La suya es una pequeña novela sutilmente trabada.
Gorz era judío. Su padre lo era también, pero no su madre, católica y antisemita. Había nacido en Viena, en 1923, y su madre, para librarlo de los nazis, lo envió a Suiza a estudiar una ingeniería. Al terminar la guerra, repudió su lengua y su país y se fue a París, donde colaboró con Sartre hasta que éste, en los sesenta, se demenció con el maoísmo. Para entonces era ya un prestigioso escritor cercano a los presupuestos antieconomicistas y antiautoritarios y ecologistas de Marcuse, de quien fue igualmente amigo. ¿Y Dorine?

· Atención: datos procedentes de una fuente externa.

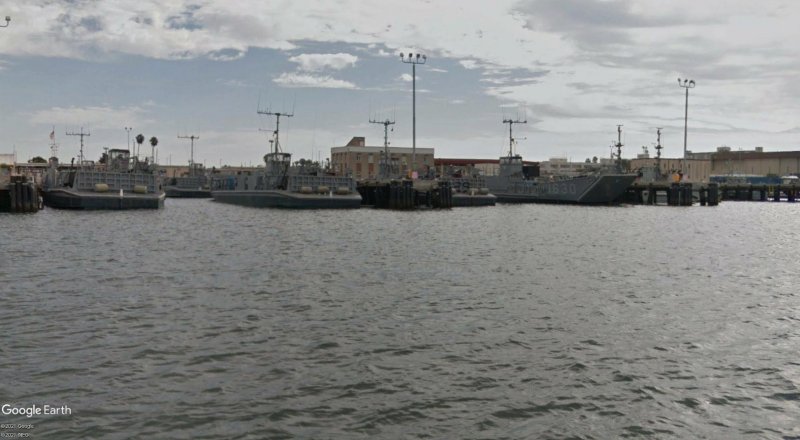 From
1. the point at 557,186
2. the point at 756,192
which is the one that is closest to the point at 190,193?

Sabemos lo que Gorz escribió de ella. Hacía sólo un año que había publicado una Carta a D. Historia de amor: “Acabas de cumplir 82 años. Sigues siendo tan bella, graciosa y deseable como cuando te conocí. Hace cincuenta y ocho años que vivimos juntos; y te amo más que nunca. Tu vida desbordante me hace feliz, abrazando tu cuerpo contra el mío”.
Le Nouvel Observateur, que él había fundado con Jean Daniel, informó de que habían dejado varias cartas de despedida a sus amigos y que sus cuerpos aparecieron en la cama, uno al lado del otro. Una nota en la puerta de su casa en la campiña troyana de Vosnon advertía que se llamara a la gendarmería.
La noticia corrió por todas las agencias y redacciones, y un titular equívoco empezó a difundirse: “El filósofo A.G. se ha suicidado por amor”.
¿Puede alguien suicidarse por amor?, ¿No es eso una contradicción?
El enamorado puede llegar a decir: “Me quiero morir”, pero necesita la vida para poder repetirlo una y mil veces. Como tantos ancianos que han compartido una larga vida de enamorados, decidieron adentrarse juntos en el bosque (Juan Ramón se lo propuso muchas veces a Zenobia).
¿Qué sabe nadie lo que sienten dos personas que llevan enamoradas tanto tiempo, la lucecita que pueden ver a lo lejos, en medio de la noche? Si el trágico amor de dos jóvenes, el de Romeo y Julieta, por ejemplo, nos llena de desasosiego y tristeza, el de dos viejos amantes se diría que nos causa admiración y respeto, pues no vemos en ese final una tragedia, sino todo lo contrario, el principio de algo que querrían acometer cogidos de la mano, algo a lo que ellos seguramente han dado ya un nombre: eternidad o nada, o, como tituló Quevedo su poema: Amor constante más allá de la muerte.
[TRAPIELLO, Andrés. Hansel y Gretel mueren juntos. Revista Magazine. 21 de octubre de 2007]
Un artículo que me ha conmovido hasta las lágrimas, y que quería compartir con vosotros. A pesar de las dificultades, a pesar de los problemas, aunque el destino se encargue de separar a las personas que se aman, el amor siempre busca el modo de superar todas las barreras. Porque el Amor, el verdadero amor, no acaba nunca.
1 comentario:
Como acertadamente expresaban en la película “Moulin rouge”: “lo más grande que te puede suceder es que ames y seas correspondido”. Ni siquiera el olvido o la distancia pueden alejar a dos corazones que se aman cuando lo que se ha sentido va más allá incluso de lo humanamente compresible. Para ti, pequeña princesa, mi deseo de que ese amor vuelva a encontrarse contigo.